I love Melville's films. You can feel some of the same spirit of experimentation as the French New Wave, but Melville was really more of a contemporary than a member. He shared their interest in Film Noir, but took the dark determinism at the genre's core far more seriously. Godard and Truffaut could be dark, but there was always a little wink in it, a little dash of the humor and artistic playtime that illuminates their best work. Melville's films are austere and almost oppressively serious, but that's the stories he tells. The hit man of Le Samourai finds his protective facades crumbling and enemies closing in. Bob le flambeur is a brilliant thief and compulsive gambler who always loses more than he makes. They're gritty stories of despicable people, but Melville's starkly acute observations allow us to meet them on their own terms and, inevitably, discover the humanity of their tragedy. His films are often elegies, even if he must dig to find the redeeming qualities.

Army of Shadows is also an elegy, but for righteous heroes who easily deserve the praise of art and history: the French Resistance. The inherent drama and suspense of a covert movement is perfectly enhanced by the Melville style. Army of Shadows has a beautiful look with a very muted palate, mostly blacks, grays and browns with an occasional splash of red. Blue skies and yellow suns are nowhere to be seen, partly because it's winter and partly because life under the Nazis has become joyless. When we see a trip to London to meet with de Gaulle, the city seems brighter and happier. Despite relentless bombing, and the responsive blackouts and air-raid sirens, young ladies and lasses still dance and fall in love. Surely those things happened in occupied France, but could you really have a good time with Nazi soldiers just down the street? Those brief scenes in London help us understand what these men and women were fighting for, the simple pleasures that inspired them to join the Resistance and pay the dues of freedom.

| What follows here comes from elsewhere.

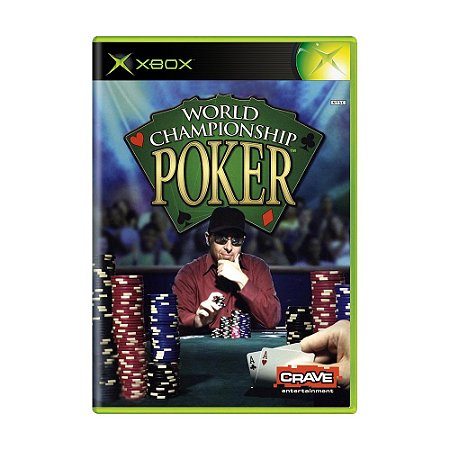 Jogo World Championship Poker - Xbox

I'm starting to weird me out, so I should mention that Melville doesn't shrink from the moral costs of the Resistance. An early scene depicts the execution of an informant. It's brutal and intimate, all the more so because they're inexperienced. They don't manage the quick clean kill that would help to assuage their guilt and have to look the informant in the eyes until the end. The execution may be justified but it still bothers the men who had to do it.

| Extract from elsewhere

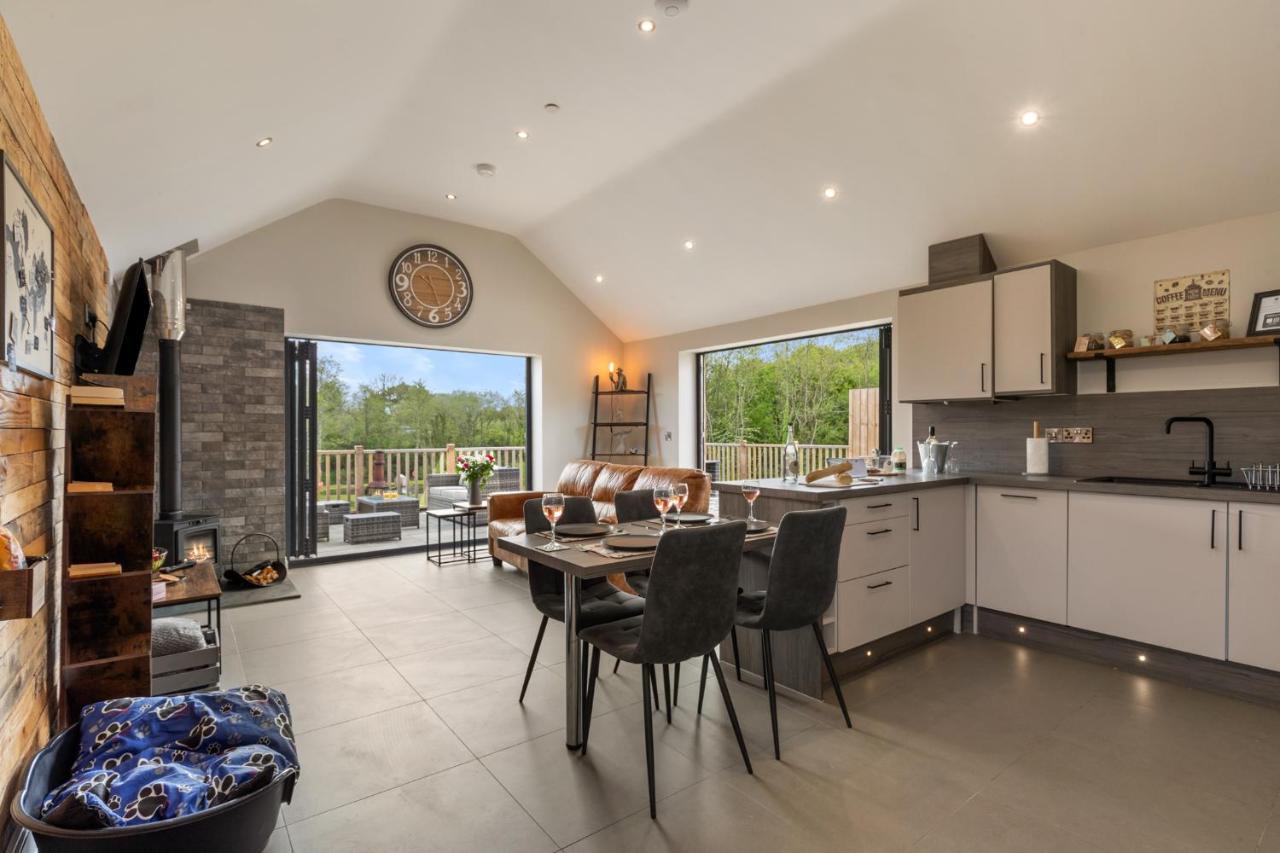 Cedar Cottage تينبي المظهر الخارجي الصورة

There are a few those mistakes that result from bad luck (it didn't rain at one location, so they added an effect that, of course, doesn't drip into the puddles) but if there's any significant flaw in Army of Shadows, it's that it focuses too much on the danger and suspense. In Army of Shadows we see some stuff with radios and an operation to smuggle downed Allied pilots out by submarine, but that's about it. The rest of the time is spent attempting to rescue one or another of their members from Nazi hands. Some people spend half the film in prison. There's plenty of drama in those elements and I found them satisfying as a story, but the History student in me would like to learn a little bit more about the Resistance's offensive actions. Sabotage? Guerilla warfare in the countryside? I know I shouldn't put the blame for my own ignorance on this film, but if I knew of a more comprehensive film on the French Resistance that was half as good as Army of Shadows, I'd throw it at the top of my Netflix cue right now.

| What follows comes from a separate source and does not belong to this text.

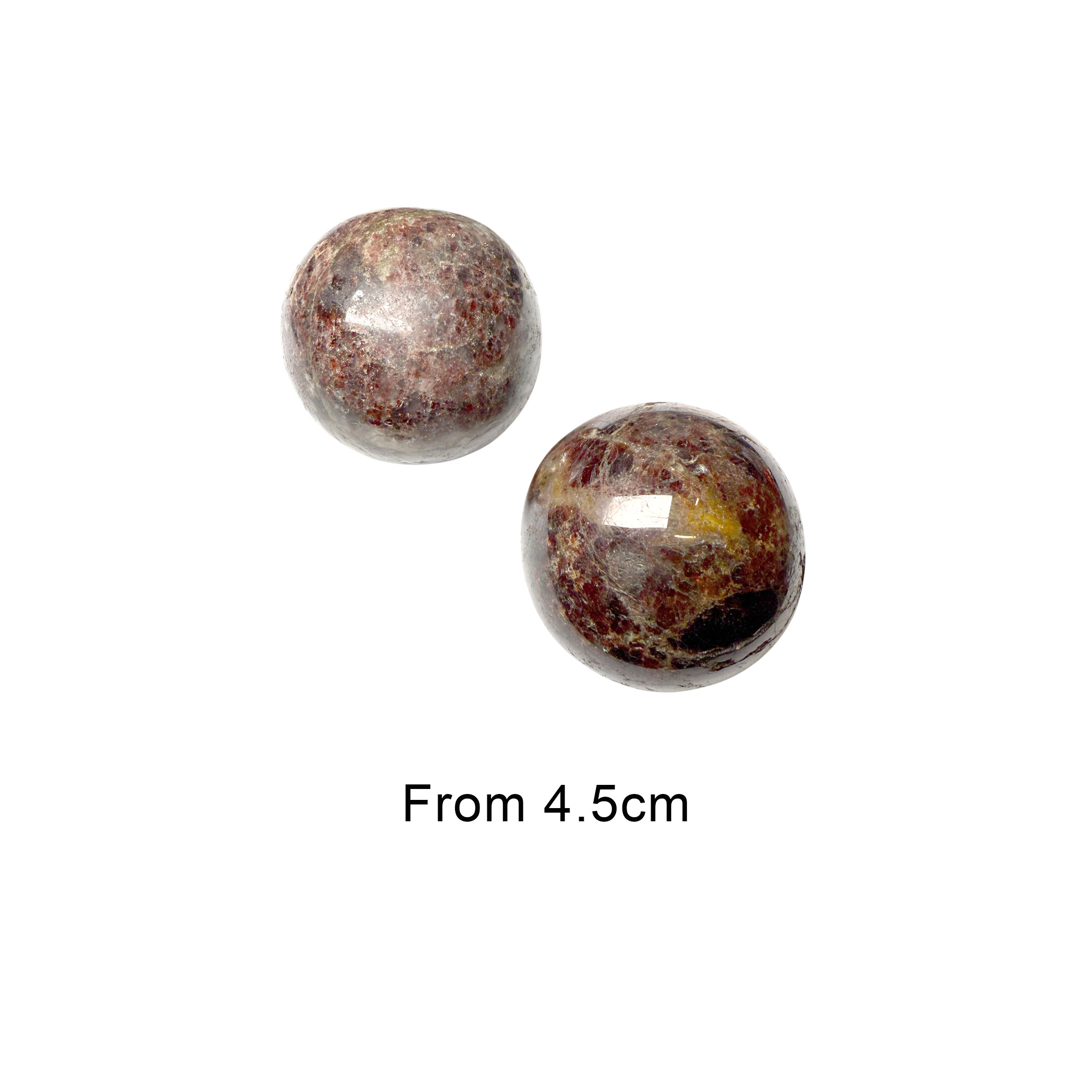 Garnet Sphere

Part of what I like about Melville is that he cuts through the bullshit cultural stereotypes that surround French cinema, both there and here in the US. His films are unmistakably French, but Melville doesn't play pretentious games of self-conscious philosophizing or crafting intimate emotional dramas. His films are about which way the gun is pointing, a concept that is universally understood but rarely developed as sublimely. Whenever somebody complains about 'boring' French cinema, point toward Army of Shadows.